Why are some golf clubs called woods when they are clearly not made of wood? There is a simple answer to this. Read on to find out.
Progress and change sometimes collide with tradition to create confusion in today’s world. Such is the case with the terminology used to describe golf clubs. Golf clubs have had several changes in terminology and some of those changes have made things easier and others have made things a bit confusing. For example, the question continually comes up as to why some golf clubs are called woods when they are clearly not made of wood?
In sports equipment evolves and changes all the time and what was the old way of doing things usually gets replaced with a new way. Wooden sports equipment no matter how sturdy and well built decays and becomes useless over time. That is why college baseball bats are made of metal now as opposed to wood. Hockey sticks from the pee wee divisions all the way up to the National Hockey League now consist of metal shafts with replaceable wooden blades. The same has happened to golf.

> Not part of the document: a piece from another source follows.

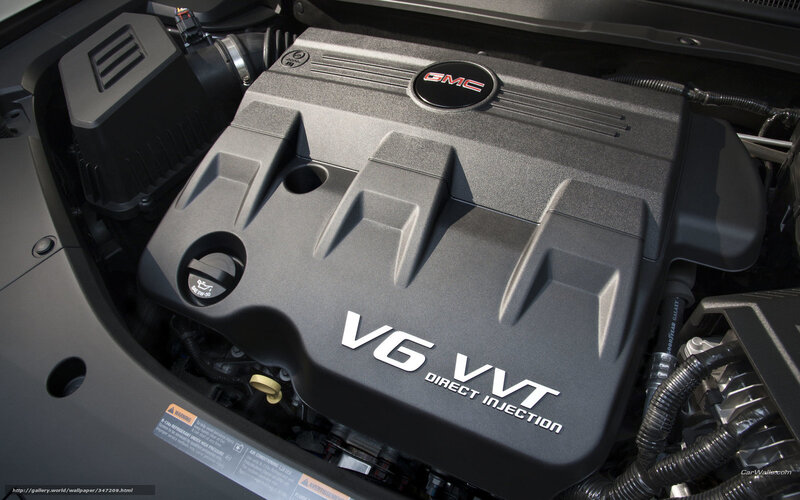 GMC V6 VVT engine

When golf clubs were first created and started to become more refined in the late 1930’s and early 1940’s the shorter range clubs like the pitching wedge had heads made of iron and the longer range clubs like the driver had heads made of wood. When golfers referred to their clubs they referred to them as irons or woods. Over the years the heads of the longer range clubs started to get made mostly of metal but, because golf is a game of tradition, the name woods has stuck and remained after all of these years.